Le texte est sur Wikisource ici, et trouvable dans toutes sortes d'éditions bien faites en poche.
Le début :
CLAIR DE LUNE
Votre âme est un paysage choisi
Que vont charmant masques et bergamasques,
Jouant du luth et dansant et quasi
Tristes sous leurs déguisements fantasques.
Tout en chantant sur le mode mineur
L’amour vainqueur et la vie opportune,
Ils n’ont pas l’air de croire à leur bonheur
Et leur chanson se mêle au clair de lune,
Au calme clair de lune triste et beau,
Qui fait rêver les oiseaux dans les arbres
Et sangloter d’extase les jets d’eau,
Les grands jets d’eau sveltes parmi les marbres.
PANTOMIME
Pierrot, qui n’a rien d’un Clitandre,
Vide un flacon sans plus attendre,
Et, pratique, entame un pâté.
Cassandre, au fond de l’avenue,
Verse une larme méconnue
Sur son neveu déshérité.
Ce faquin d’Arlequin combine
L’enlèvement de Colombine
Et pirouette quatre fois.
Colombine rêve, surprise
De sentir un cœur dans la brise
Et d’entendre en son cœur des voix.
SUR L’HERBE
— L’abbé divague. — Et toi, marquis,
Tu mets de travers ta perruque.
— Ce vieux vin de Chypre est exquis
Moins, Camargo, que votre nuque.
— Ma flamme… — Do, mi, sol, la, si,
L’abbé, ta noirceur se dévoile !
— Que je meure, mesdames, si
Je ne vous décroche une étoile !
— Je voudrais être petit chien !
— Embrassons nos bergères, l’une
Après l’autre. — Messieurs, eh bien ?
— Do, mi, sol. — Hé! bonsoir la Lune !
L’ALLÉE
Fardée et peinte comme au temps des bergeries,
Frêle parmi les nœuds énormes de rubans,
Elle passe sous les ramures assombries,
Dans l’allée où verdit la mousse des vieux bancs,
Avec mille façons et mille afféteries
Qu’on garde d’ordinaire aux perruches chéries.

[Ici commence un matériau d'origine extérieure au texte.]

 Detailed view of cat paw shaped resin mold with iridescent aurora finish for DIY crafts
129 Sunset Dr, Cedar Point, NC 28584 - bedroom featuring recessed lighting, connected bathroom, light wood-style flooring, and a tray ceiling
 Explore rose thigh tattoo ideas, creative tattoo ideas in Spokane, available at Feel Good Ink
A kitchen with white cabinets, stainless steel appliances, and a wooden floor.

Sa longue robe à queue est bleue, et l’éventail
Qu’elle froisse en ses doigts fluets aux larges bagues
S’égaie un des sujets érotiques, si vagues
Qu’elle sourit, tout en rêvant, à maint détail.

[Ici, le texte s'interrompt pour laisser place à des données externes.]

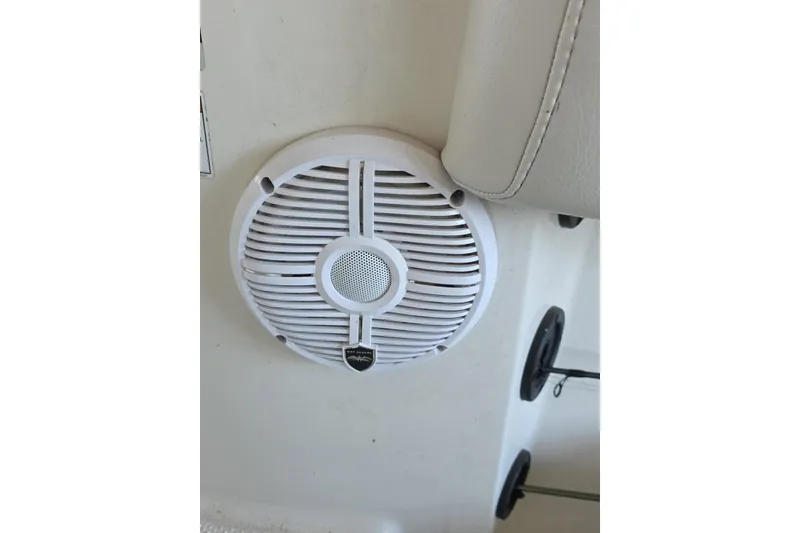 Slide: The Image of Close-up of a 2022 Sailfish 220 WAC trailer wheel on gravel. - 38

— Blonde, en somme. Le nez mignon avec la bouche
Incarnadine, grasse, et divine d’orgueil
Inconscient. — D’ailleurs plus fine que la mouche
Qui ravive l’éclat un peu niais de l’œil.
A LA PROMENADE
Le ciel si pâle et les arbres si grêles
Semblent sourire à nos costumes clairs
Qui vont flottant légers avec des airs
De nonchalance et des mouvements d’ailes.
Et le vent doux ride l’humble bassin,
Et la lueur du soleil qu’atténue
L’ombre des bas tilleuls de l’avenue
Nous parvient bleue et mourante à dessein.

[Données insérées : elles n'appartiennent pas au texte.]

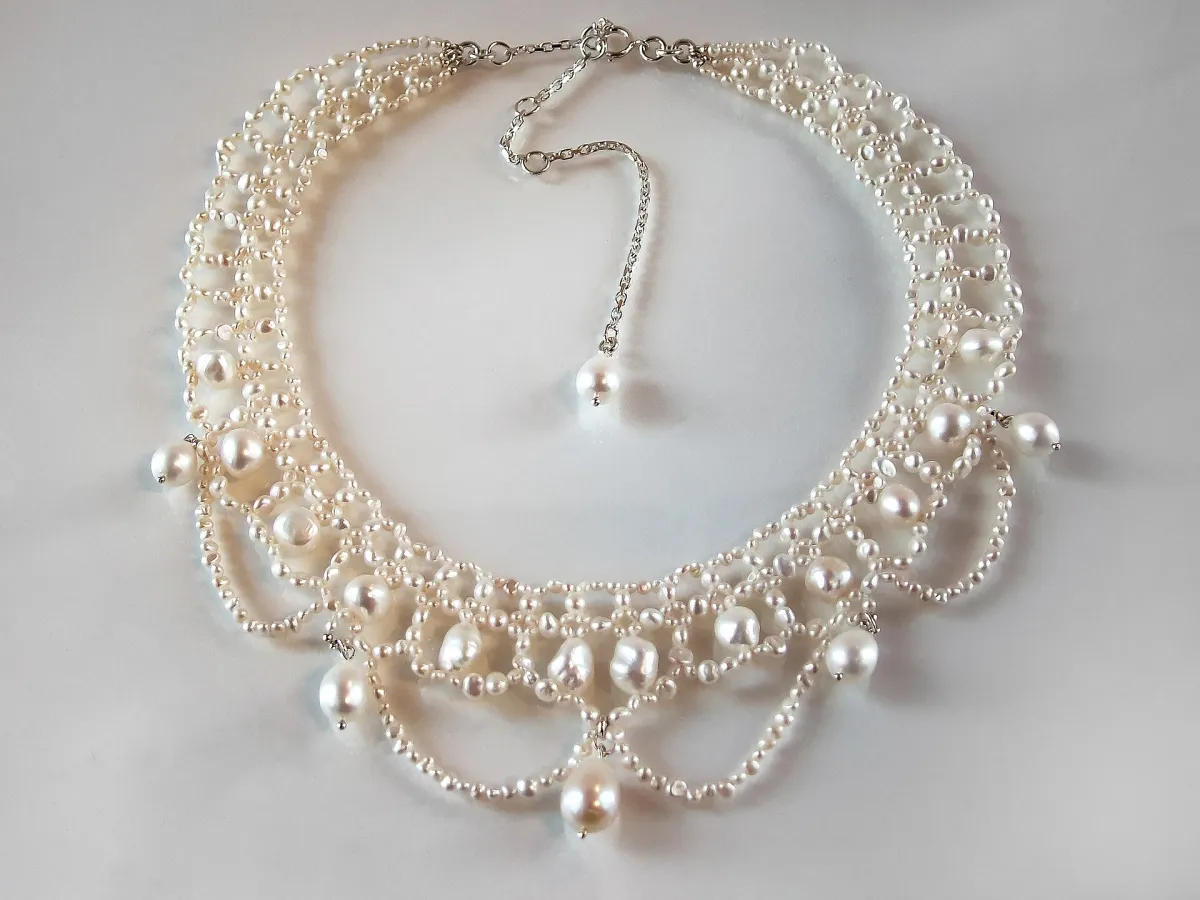 Collier de perles d'eau douce blanches posé sur un fond gris clair uni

Trompeurs exquis et coquettes charmantes
Cœurs tendres mais affranchis du serment
Nous devisons délicieusement,
Et les amants lutinent les amantes
De qui la main imperceptible sait
Parfois donner un soufflet qu’on échange
Contre un baiser sur l’extrême phalange
Du petit doigt, et comme la chose est
Immensément excessive et farouche,
On est puni par un regard très sec,
Lequel contraste, au demeurant, avec
La moue assez clémente de la bouche.
Inscrit le: 27 Juin 2011 Messages: 3319 Localisation: Great North
Posté le: Mar Juil 03, 2012 1:05 am Sujet du message:
Plus séduit par la poésie en prose de Baudelaire et de Rimbaud que par le choix de l'impair de Verlaine , il eût mieux valu pour lui de naître au temps du free jazz . _________________ "Tout est dans tout et réciproquement ."
Inscrit le: 04 Avr 2005 Messages: 6316 Localisation: Sud
Posté le: Mar Juil 03, 2012 5:10 am Sujet du message:
J'ai honte, mais si je suis très fan d'Apollinaire, je suis assez peu sensible à Verlaine, et guère plus à Rimbaud. J'ai honte, je l'ai dit... _________________ Même le soleil se couche.
Inscrit le: 19 Mar 2007 Messages: 1489 Localisation: Paris
Posté le: Mar Juil 03, 2012 7:58 pm Sujet du message:
Rhôôôô vous ne savez pas ce qui est bon
Hoël, dans le genre poésie en prose, tu as été voir Gaspard de la Nuit d'Aloysius Bertrand ? C'est un très beau recueil (surtout la partie "La Nuit et ses prestiges"), il faudra que je lui ouvre un sujet un de ces jours.